An on-the-fly Data Race Detector for RECPLAY,
a Record/Replay System for Parallel Programs

Michiel Ronsse and Koen De Bosschere
Department of Electronics and Information Systems
Universiteit Gent, Belgium
ronsse at

Developing multi-threaded programs is clearly a more difficult task than developing sequential programs. Besides the fact that correctness of multi-threaded programs has more aspects (communication, synchronization, performance, etc.), there is also a clear lack of adequate development tools, especially for finding data races. A data race occurs when two threads can concurrently access the same shared variable and at least one thread modifies the variable. These data races often introduce undesired nondeterminism in the execution of multi-threaded programs and, as such, should be removed. As statical race detection is known to be undecidable, most data race detection mechanisms use a dynamic on-the-fly approach.
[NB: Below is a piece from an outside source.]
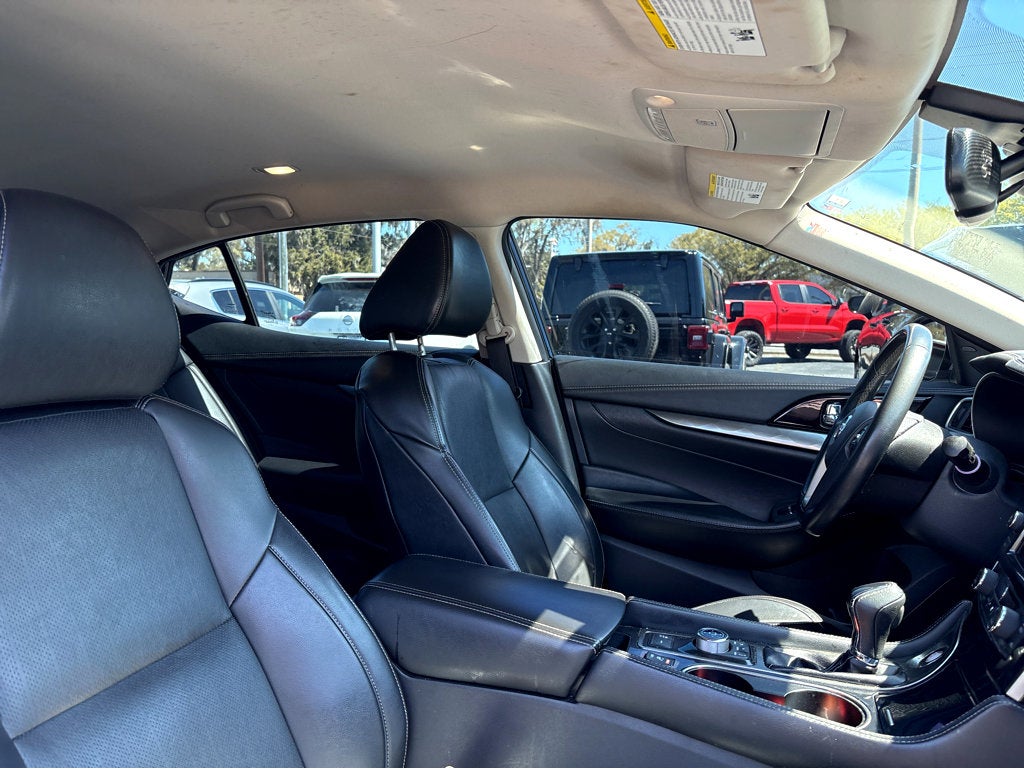 2021 Nissan Maxima SV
Finding data races on-the-fly basically consists of three steps: (i) tracing all memory accesses, (ii) detecting unordered (parallel) accesses, and (iii) identifying the offending memory instructions.

This abstract describes the data race detection tool that is part of RECPLAY, a fully integrated practical record/replay mechanism enabling cyclic debugging with automatic data race detection and reference identification during the replay phase. RECPLAY was developed for Solaris 2.5 and is fully operational. A demo is available on the web.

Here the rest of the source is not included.